— Extracted information —
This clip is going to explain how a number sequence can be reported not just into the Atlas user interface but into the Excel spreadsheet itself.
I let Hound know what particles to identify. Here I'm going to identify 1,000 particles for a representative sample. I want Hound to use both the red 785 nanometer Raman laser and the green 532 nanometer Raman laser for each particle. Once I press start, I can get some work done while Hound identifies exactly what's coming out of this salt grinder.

==

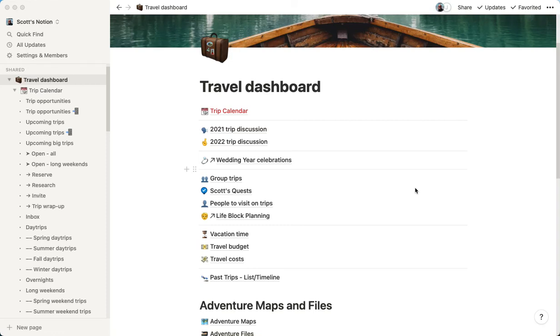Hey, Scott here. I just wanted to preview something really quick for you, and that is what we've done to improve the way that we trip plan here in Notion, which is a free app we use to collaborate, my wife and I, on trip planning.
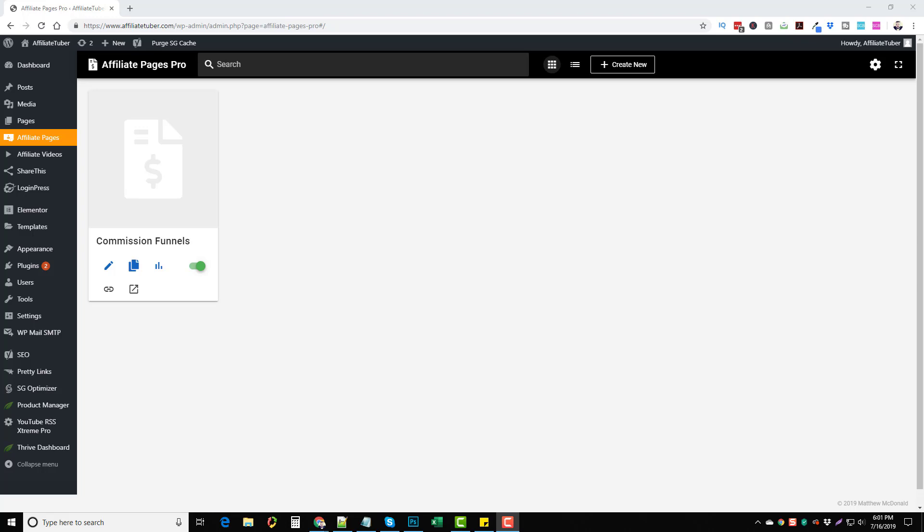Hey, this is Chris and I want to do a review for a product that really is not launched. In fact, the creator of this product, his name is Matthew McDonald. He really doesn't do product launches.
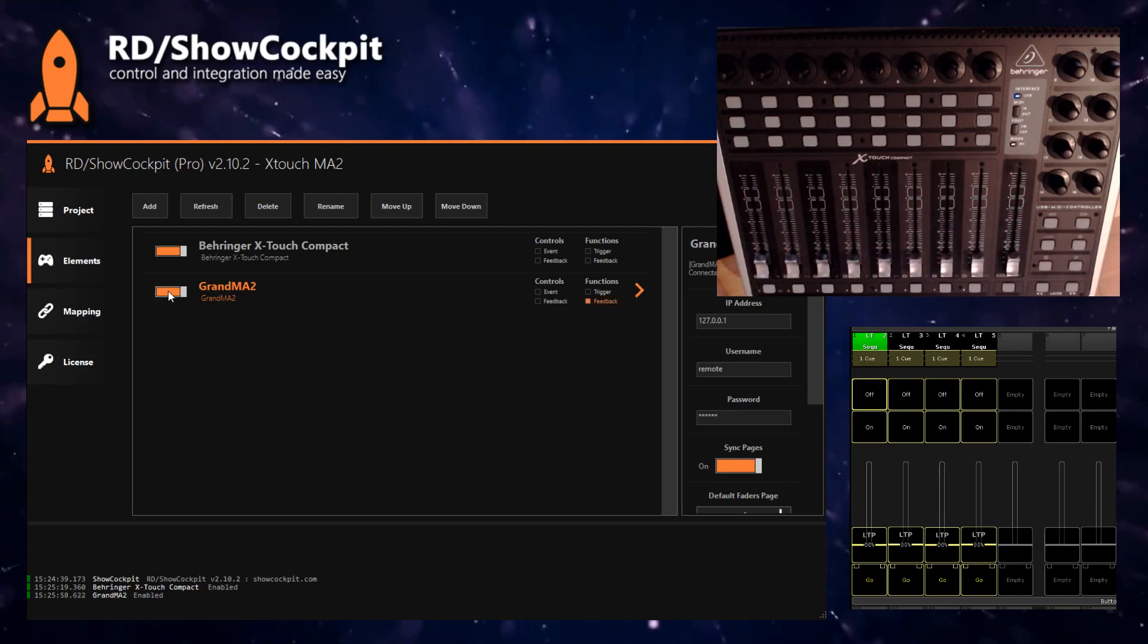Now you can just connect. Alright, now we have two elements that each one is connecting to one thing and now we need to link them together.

— Work to be completed —
For this exercise, transcribe exactly the part of the records above that opens with the line containing "Hey, this is" and closes with the one containing "Now you can". Pictures are not part of the copy.

— Answer section —
Hey, this is Chris and I want to do a review for a product that really is not launched. In fact, the creator of this product, his name is Matthew McDonald. He really doesn't do product launches.
Now you can just connect. Alright, now we have two elements that each one is connecting to one thing and now we need to link them together.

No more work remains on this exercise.